> [Exercise directions]
Everything from the line with "Now if you want" down to the line with "Now the computer" below must be printed exactly, those two lines included. Exclude pictures.

◆ ◆ ◆

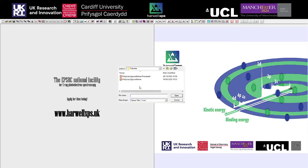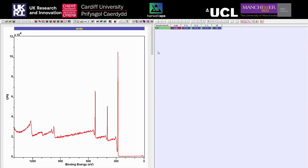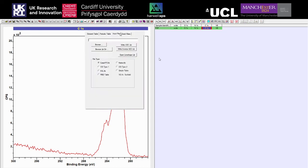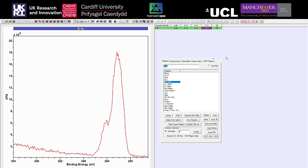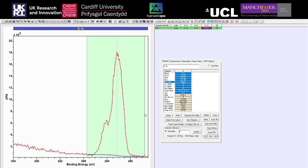I'm going to open up an example - we've got a polymer here, polyvinylpyrrolidone. We're going to work through as we normally would, starting by going to the library and making sure we've got the right library file. It's good to get that in at the start instead of realizing at the end that you've forgotten and then having to go through and change all your sensitivity factors. We'll create our region with a Shirley background across this - it's not too noisy, so we're happy with our region and background for the carbon.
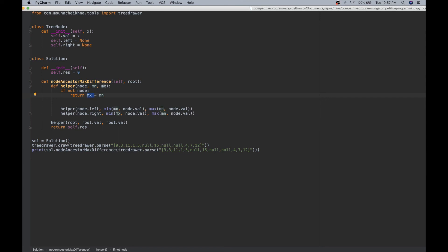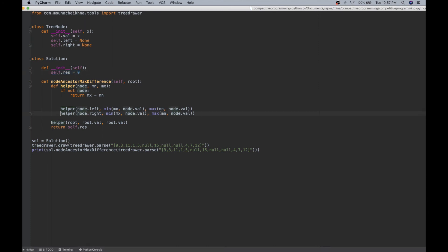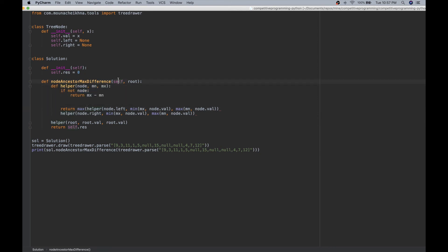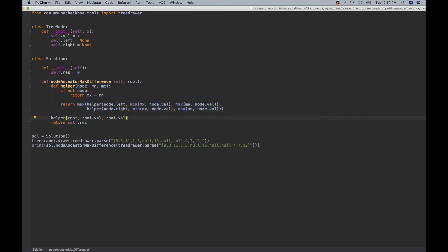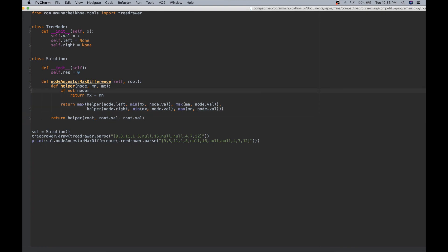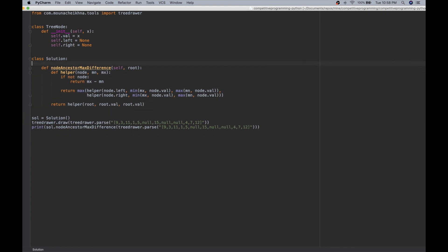We just need to make the helper function return the max difference. At the base case (empty node), return mx - mn. The helper now returns max of both recursive calls. This removes the need for self.res entirely, making the solution much cleaner.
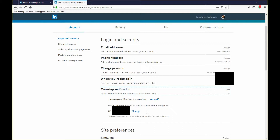Now if you want to, you can also see where you're signed in and see all your active sessions. This includes your multiple devices and locations where you've been. I've signed in multiple times here, so it's showing a lot of extra active sessions. You can check that out for yourself — it's a good way to review the security of your account.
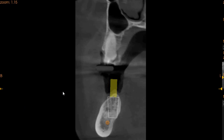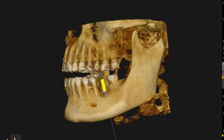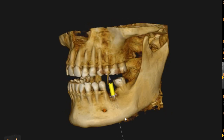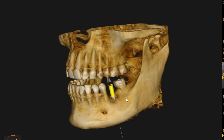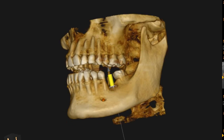Hello and Assalamu alaikum. Ultrascan Diagnostics here. This is the CBCT of the patient that you had requested. The area of interest is the lower left first molar region. This is an edentulous case.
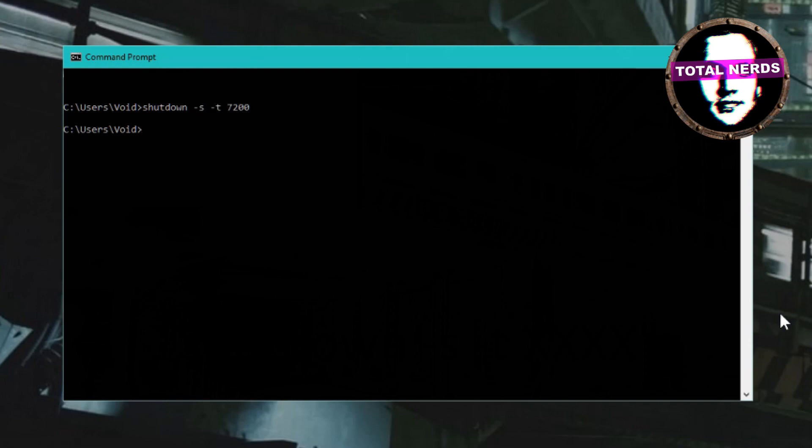Now the computer will shut down after two hours, whether the computer prompts it or not. This will happen as long as the command prompt didn't complain and say that you wrote something wrong with the command.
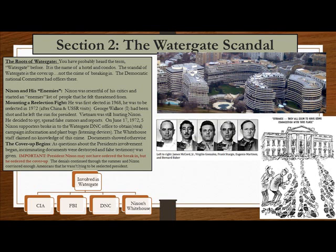Mounting a re-election fight: Nixon was first elected in 1968 and was to be re-elected in 1972 after his China and USSR visits made him look good. In 1972 he ran against George Wallace, who was an independent and had been shot but left to run for president. Vietnam was still hurting Nixon. On June 17, 1972, five Nixon supporters broke into the Watergate DNC office to obtain — that is, steal — campaign information and plant bugs, which are listening devices. The White House staff claimed no knowledge of this crime, but documents showed otherwise, and thus the cover-up begins.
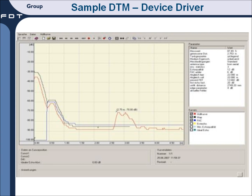Here's an example of a DTM. In this particular case, the device supplier provides trend lines and charts to enable the quick diagnosis of possibly a problem with the process or with the device. These DTM windows are completely configurable by the device supplier, and are intended to help you diagnose and troubleshoot problems quickly and safely.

◆ ◆ ◆

> [Output]
Now if you want to, you can also see where you're signed in and see all your active sessions. This includes your multiple devices and locations where you've been. I've signed in multiple times here, so it's showing a lot of extra active sessions. You can check that out for yourself — it's a good way to review the security of your account.
Hello and Assalamu alaikum. Ultrascan Diagnostics here. This is the CBCT of the patient that you had requested. The area of interest is the lower left first molar region. This is an edentulous case.
Now the computer will shut down after two hours, whether the computer prompts it or not. This will happen as long as the command prompt didn't complain and say that you wrote something wrong with the command.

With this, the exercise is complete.